On February 21, 2014, TransGaming Inc. (TSX-V: TNG) (TransGaming or the Company) closed a public offering of units (the Units) for aggregate gross proceeds of approximately $4.6 million (the Offering).
The Company issued an aggregate of 21,904,762 Units at a price of $0.21, with each Unit comprised of one common share of the Company (a Unit Share) and one half of one common share purchase warrant (each whole warrant, a Unit Warrant). Each Unit Warrant entitles the holder thereof, for a period of twenty-four (24) months following the closing of the Offering, to acquire one common share of the Company at an exercise price of $0.33.

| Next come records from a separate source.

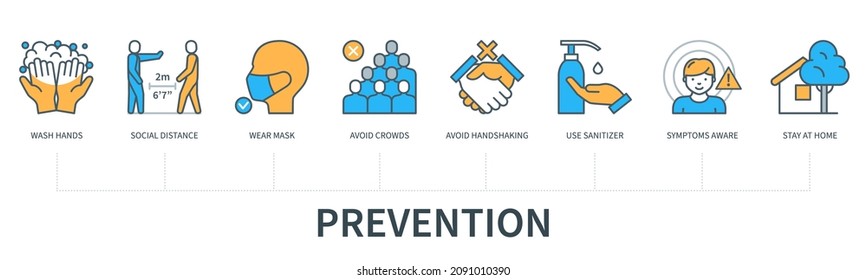 Concepto de prevención con iconos. Lávese las manos, la distancia social, use mascarilla, evite las multitudes, evite el apretón de manos, utilice un desinfectante, tenga en cuenta los síntomas, quédese en casa. Infografía vectorial web con un estilo mínimo de línea plana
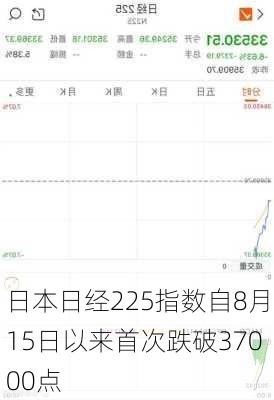 日本日经225指数自8月15日以来首次跌破37000点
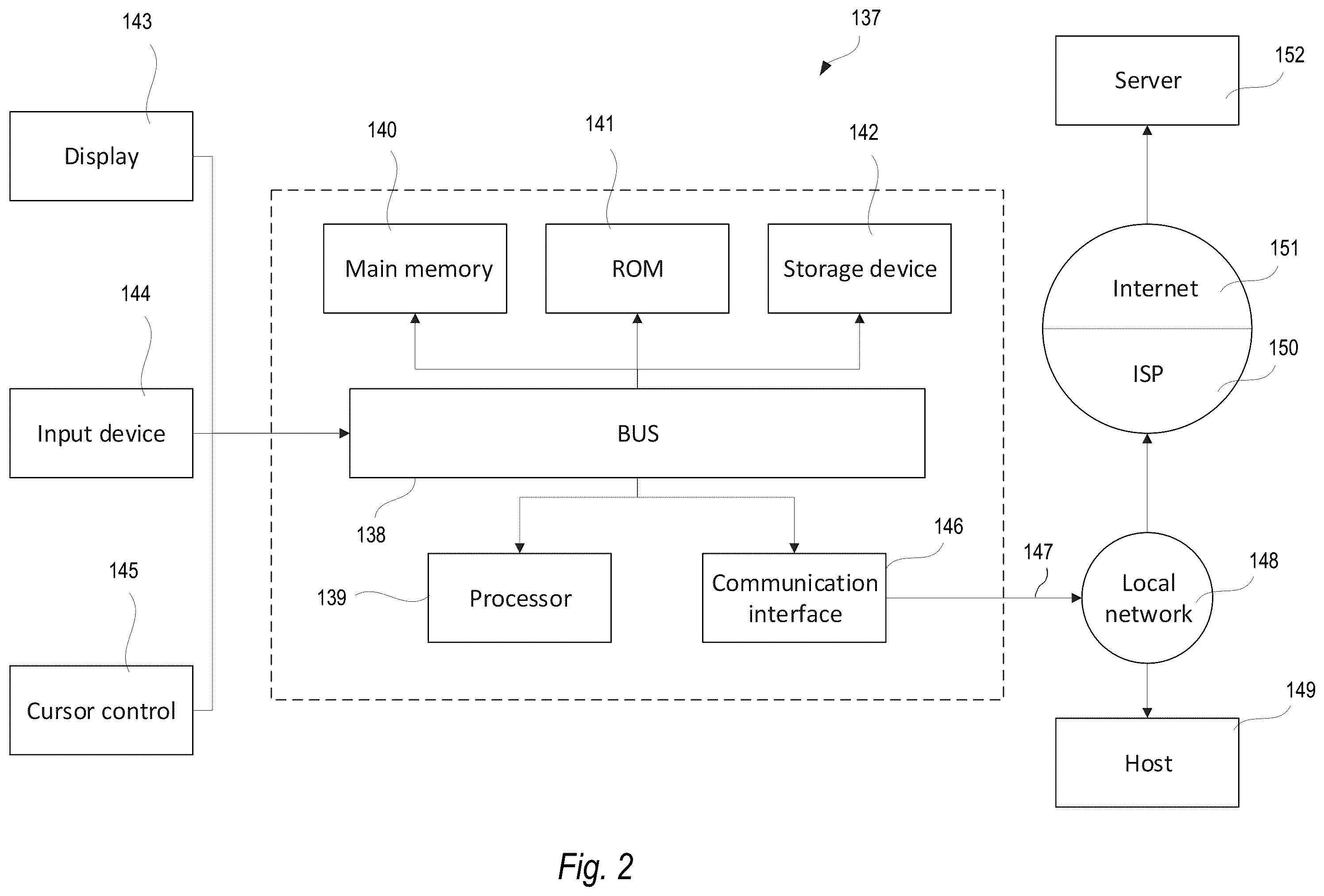 Patent US12339761 Figure 2 – Ingesting data to a processing platform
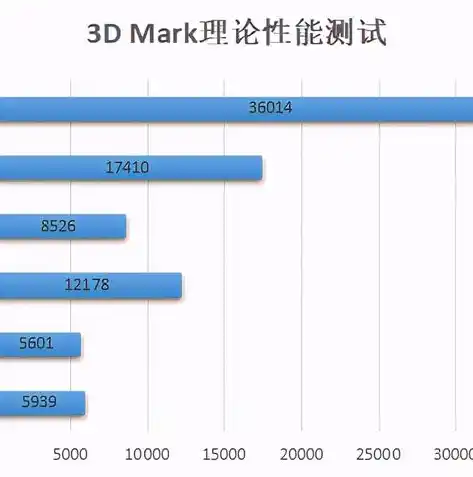 0.1折手游平台，0.1折手游平台，颠覆传统，让玩家畅享游戏盛宴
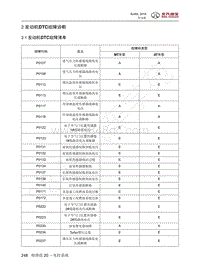 2016年北京BJ40L维修手册-20.2-发动机DTC故障诊断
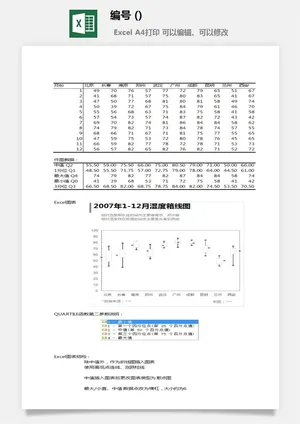 LMTK可视化图表模板Excel素材公司企业办公表格数据分析智能图表预览图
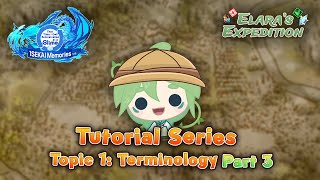 Part3：That Time I Got Reincarnated as a Slime: Tutorial Series | Terminology | Character Box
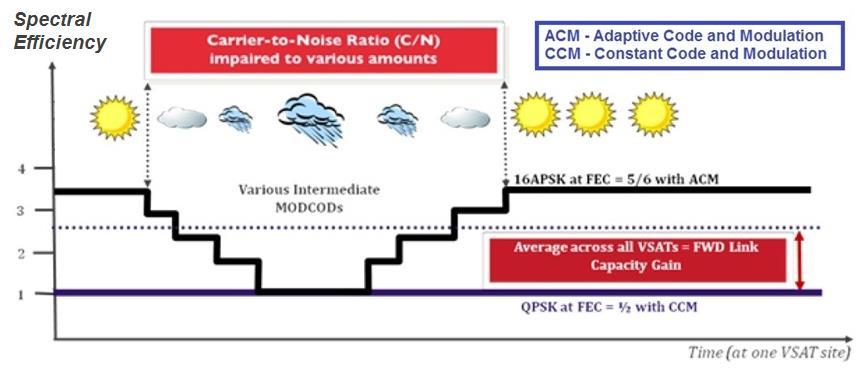 ACM Adaptive Coding and Modulation É utilizado para mitigar o efeito da atenuação atmosférica causada pelas chuvas, tanto no Enlace Direto como no de Retorno.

The Offering was conducted on a best efforts agency basis pursuant to an agency agreement dated February 18, 2014 (the Agency Agreement) among the Company and Jacob Securities Inc. and Global Maxfin Capital Inc.,as co-lead agents (collectively, the Agents). Pursuant to the terms of the Agency Agreement, the Company granted the Agents an over-allotment option to purchase up to 2,857,143 additional Units to cover over-allocations, if any, and for market stabilization purposes, such over-allotment option exercisable for a period of 30 days from the closing of the Offering. The Agents exercised the entire over-allotment option, which closed concurrently with the Offering.
The Offering was completed pursuant to a short form prospectus dated February 18, 2014 that the Company has filed with the security regulatory authorities in each of the provinces of British Columbia, Alberta and Ontario.
Norton Rose Fulbright Canada LLP represented the Issuer with a team led by Paul Amirault that included Barry Segal (tax) Andrew Godfrey (Ontario securities law) and Matthew Hall (Alberta securities law).